## What is being asked
Find the line with "this 1080×1080 image.". Transcribe it and each later line of the data exactly, up to and including the last.

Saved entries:
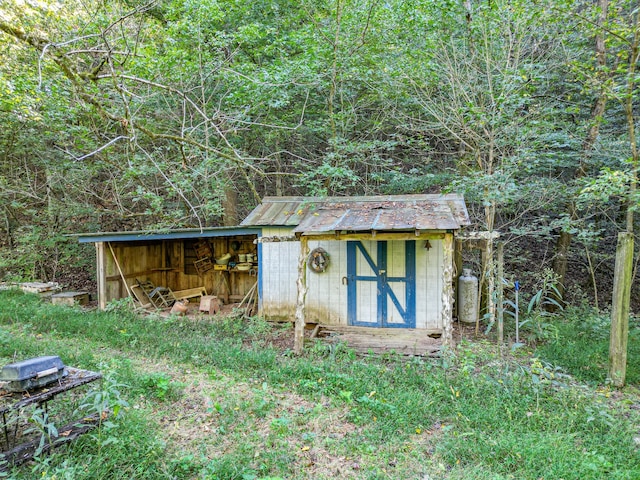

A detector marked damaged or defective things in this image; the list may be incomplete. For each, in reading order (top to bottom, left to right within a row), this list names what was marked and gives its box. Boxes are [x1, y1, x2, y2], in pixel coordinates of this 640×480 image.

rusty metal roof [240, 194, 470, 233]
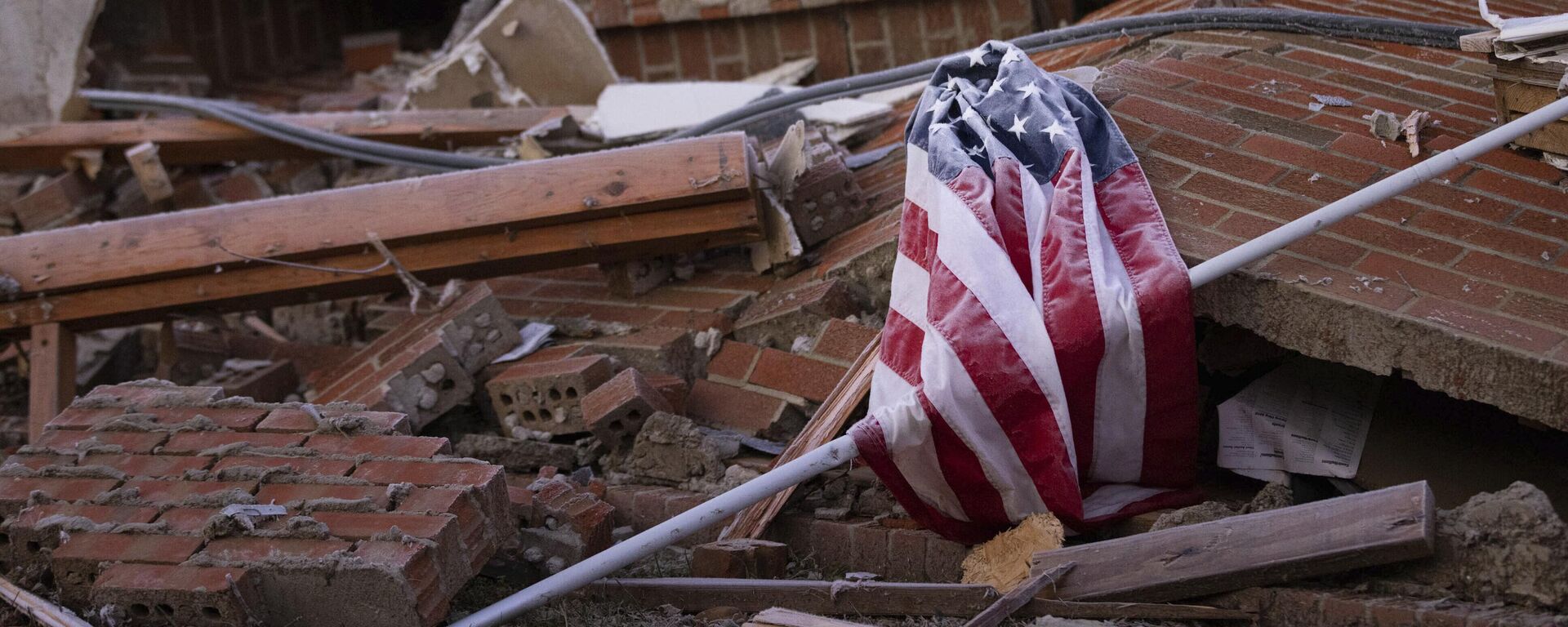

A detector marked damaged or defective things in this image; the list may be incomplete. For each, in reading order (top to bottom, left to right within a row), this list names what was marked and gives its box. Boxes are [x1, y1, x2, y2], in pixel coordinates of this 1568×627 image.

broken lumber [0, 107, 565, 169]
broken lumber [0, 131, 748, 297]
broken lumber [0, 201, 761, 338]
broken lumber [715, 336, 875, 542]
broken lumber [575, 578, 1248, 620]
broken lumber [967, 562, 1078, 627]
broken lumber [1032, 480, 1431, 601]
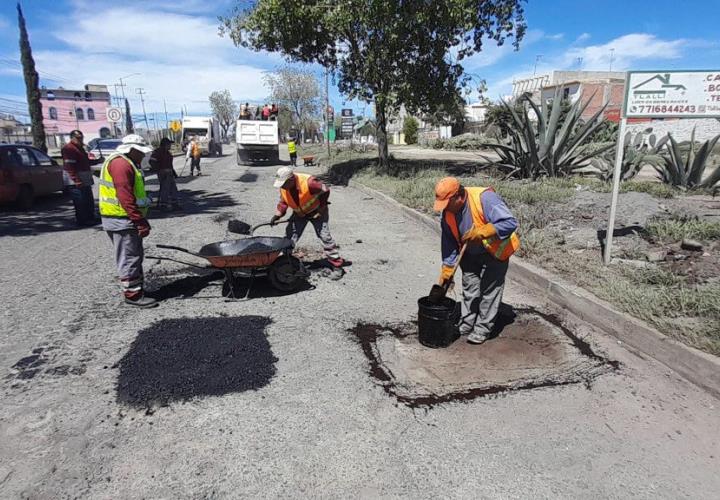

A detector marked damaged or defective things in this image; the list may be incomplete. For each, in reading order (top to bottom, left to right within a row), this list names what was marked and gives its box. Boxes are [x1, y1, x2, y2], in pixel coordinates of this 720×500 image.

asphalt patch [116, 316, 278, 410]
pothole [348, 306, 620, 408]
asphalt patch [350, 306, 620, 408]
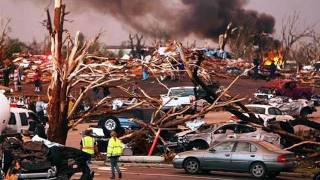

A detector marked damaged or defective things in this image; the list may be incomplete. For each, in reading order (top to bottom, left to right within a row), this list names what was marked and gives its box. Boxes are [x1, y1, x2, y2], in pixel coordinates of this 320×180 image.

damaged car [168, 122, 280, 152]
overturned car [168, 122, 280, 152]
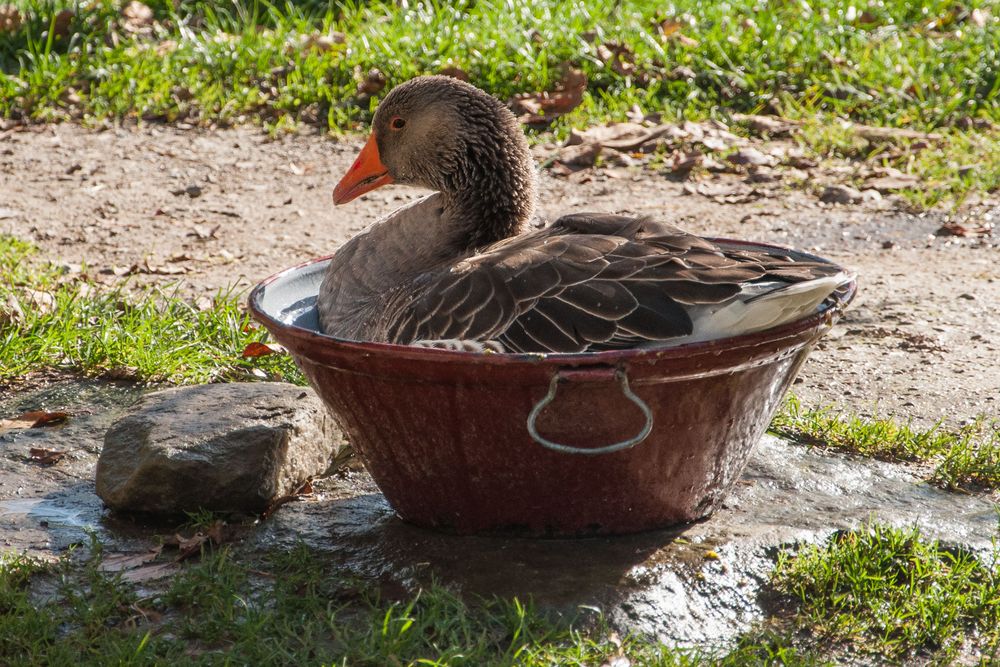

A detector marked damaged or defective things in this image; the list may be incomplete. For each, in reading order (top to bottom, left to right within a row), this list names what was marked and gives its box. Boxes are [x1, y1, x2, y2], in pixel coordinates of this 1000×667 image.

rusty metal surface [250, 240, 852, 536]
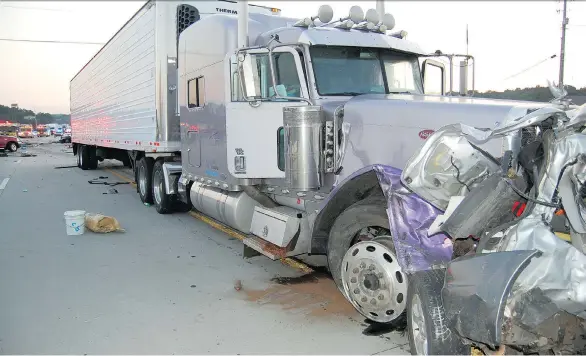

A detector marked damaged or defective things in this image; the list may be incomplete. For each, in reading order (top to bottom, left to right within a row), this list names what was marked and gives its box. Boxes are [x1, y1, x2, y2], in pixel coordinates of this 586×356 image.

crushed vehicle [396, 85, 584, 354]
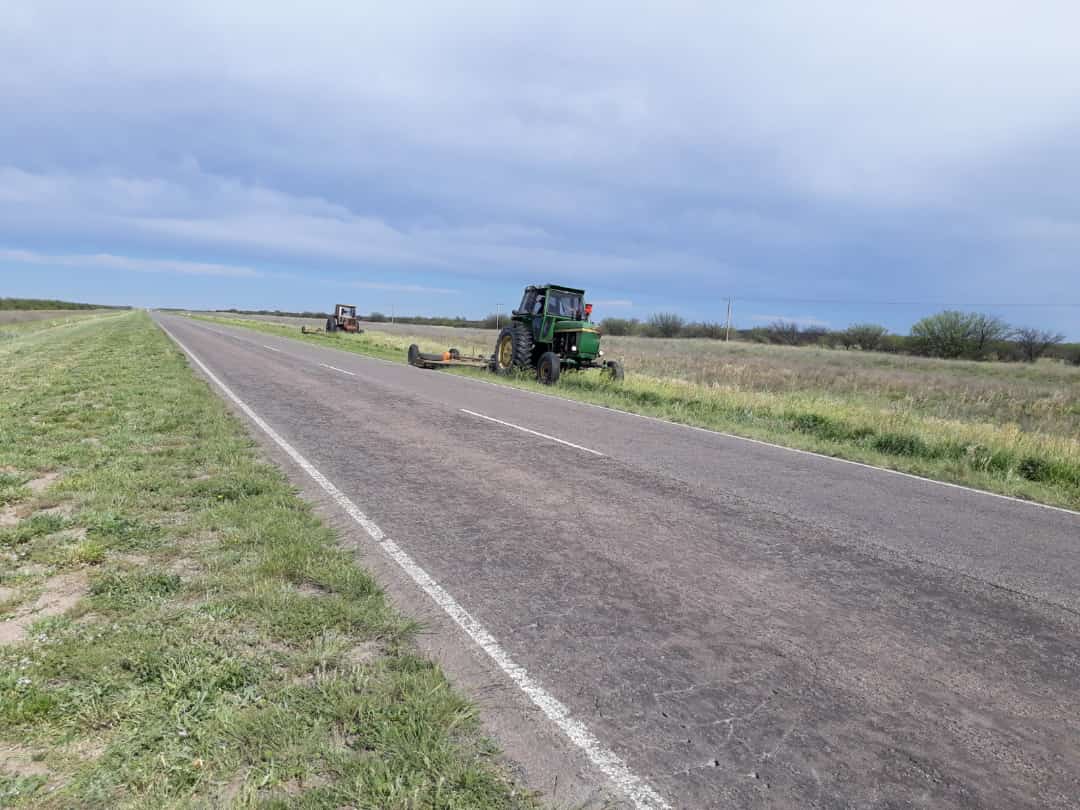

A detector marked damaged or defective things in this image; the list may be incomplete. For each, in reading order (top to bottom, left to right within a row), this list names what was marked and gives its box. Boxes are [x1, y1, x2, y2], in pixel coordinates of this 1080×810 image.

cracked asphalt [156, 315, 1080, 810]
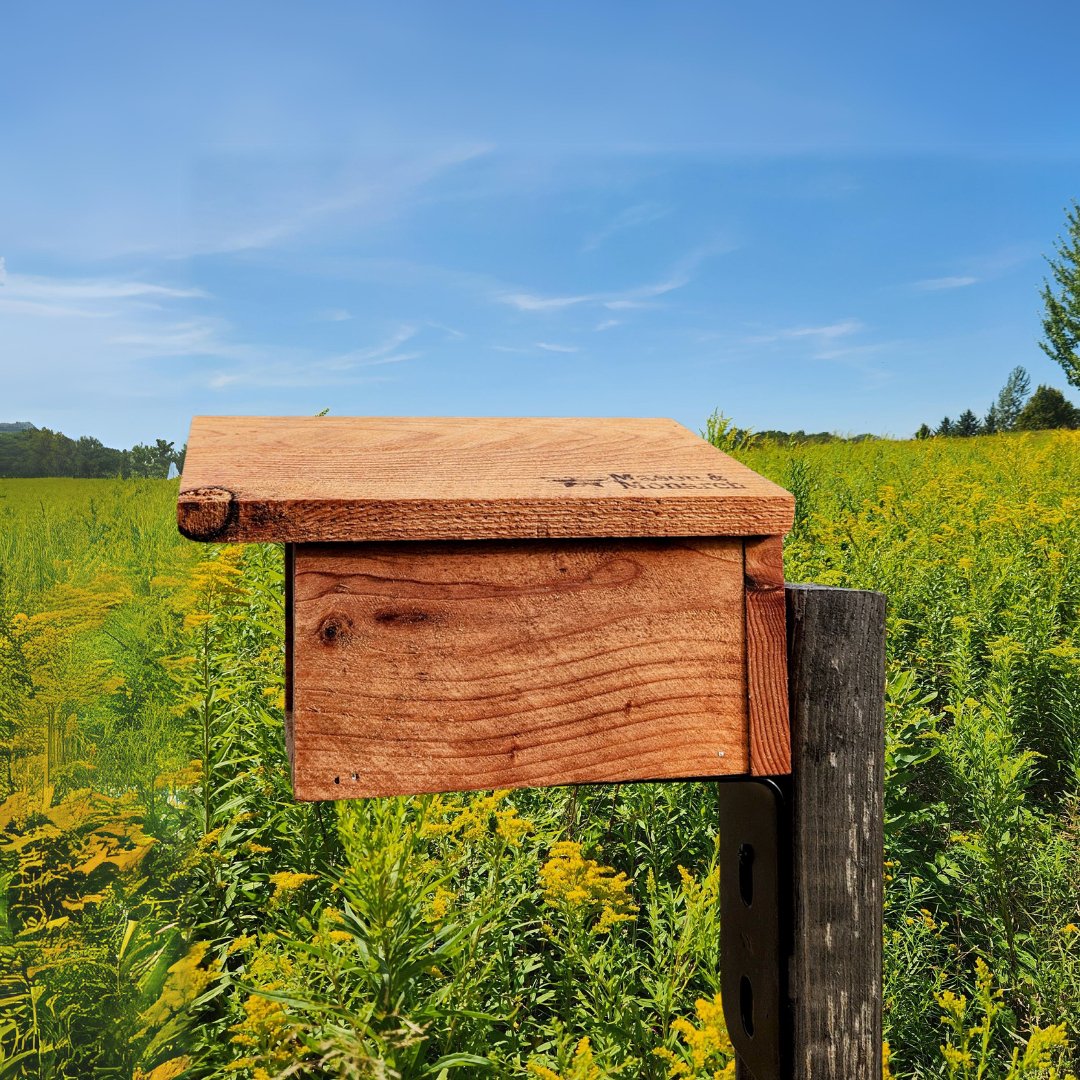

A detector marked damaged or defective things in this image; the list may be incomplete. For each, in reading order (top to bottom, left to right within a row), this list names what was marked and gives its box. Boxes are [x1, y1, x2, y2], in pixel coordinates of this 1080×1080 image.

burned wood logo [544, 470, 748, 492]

## Completed task
A detector marked damaged or defective things in this image; the list may be incomplete. For each, in reading order (top to bottom, left to right within a row), this list names what was marked and gives its box. Boxes are [x1, y1, x2, y2], in pixel coordinates of this 1080×1080 image.

burned wood logo [544, 470, 748, 492]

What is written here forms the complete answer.